The Red Stag’s historical associations are also sprawling. It occupies the former Baroque-era Špork Palace; in 1923–1925 a modern addition was designed by Josef Gočár, founder of the Czech Rondocubism movement, to house the Anglo-Czechoslovak bank. As an homage to Gočár, the décor incorporates Cubist elements as well as some features from the original bank — including a giant vault opposite the ladies’ room that houses seating and a bar.

The menu draws on just as many traditions, from the Serbian pljeskavica to the German “Senfeier” eggs in mustard velouté, and the Italian Porchetta roast, settling on Central European with the occasional east-Asian surprise (kimchi, anyone?).
But those craving the Czech classics will be satisfied with the roasted meats — wild boar, veal, steaks, and rotisserie chicken from the Grillworks station in the open kitchen — velvety soups, and stodgy dumplings of Bohemian tradition.

Not to mention the beer. We tried the řezané pivo (52 CZK), a style of pour that layers a Czech pilsner with a darker beer, creating a cool lava-lamp effect with a coffee kick as well as a hladinka-style Pilsner (52 CZK).

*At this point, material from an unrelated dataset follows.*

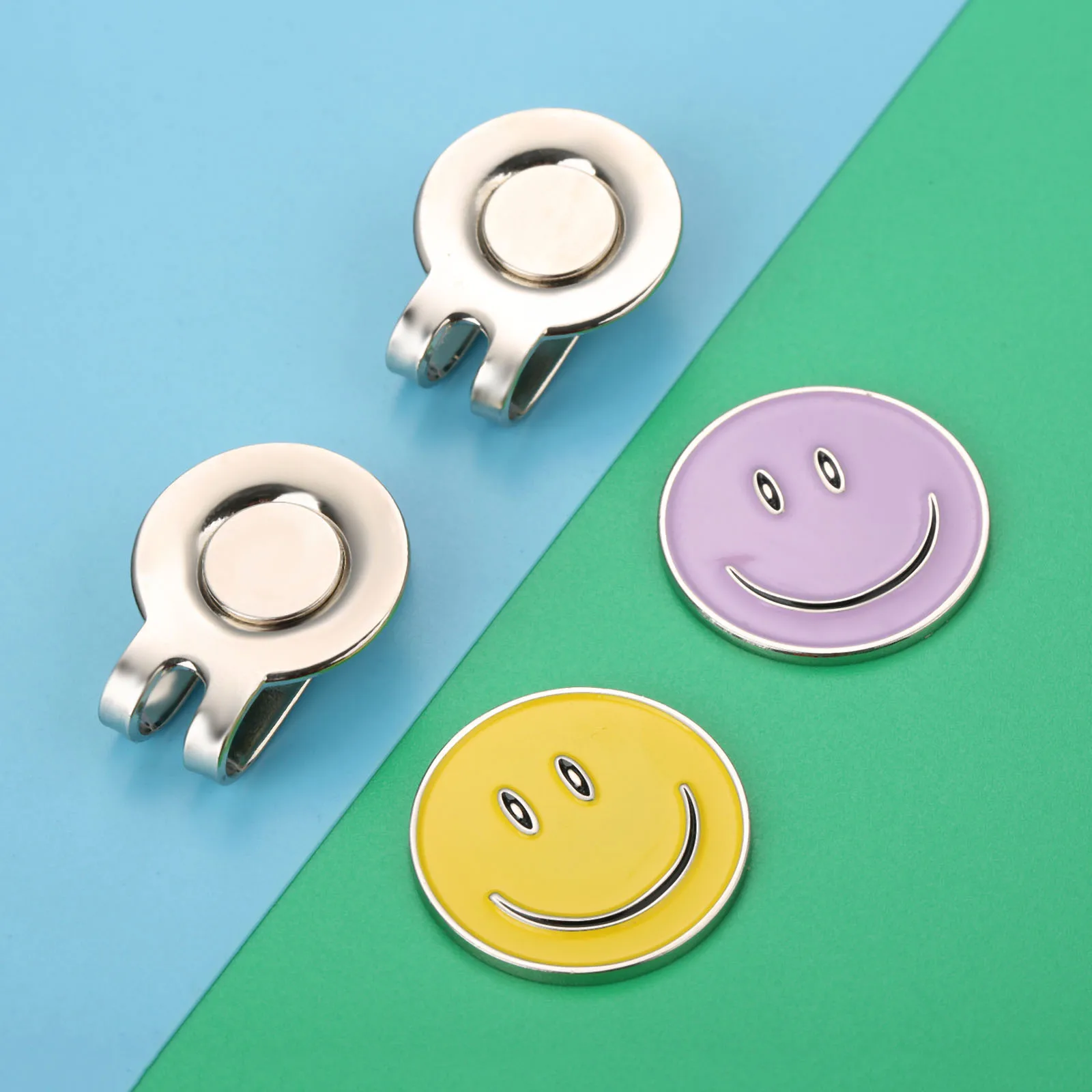 

SURIEEN 1pc Alloy Golf Ball Mark with Hat Clips Magnetic Golf Cap Clip Marker Smiley Face Design for Cap Visors/ Belts/ Pocket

Rounding out the beer menu, Kozel and Gambrinus, poured hladinka or šnyt. The wine list encompasses French, Italian, and Moravian labels — we chose a dry Cabernet Moravia from Sedlák vineyards (85 CZK).

The standout item on the Špork tasting board for two (280 CZK) was the tender beef brisket in barbecue sauce. A marinated spicy egg was hot not spicy and the sauce didn’t permeate the overcooked egg and its crumbly yolk. Similarly, the cucumbers in the kimchi didn’t quite take to the marinade. We agreed that fewer radishes and more slabs of chive-coated sourdough were in order.
For light eaters the experience could actually end there. Maybe the waitress who asked us if we were ready to order coffee and dessert after the appetizer was trying to tell us something? But we continued on with the pljeskavica (290 CZK) from the grill and beef shoulder in vegetable sauce (270 CZK).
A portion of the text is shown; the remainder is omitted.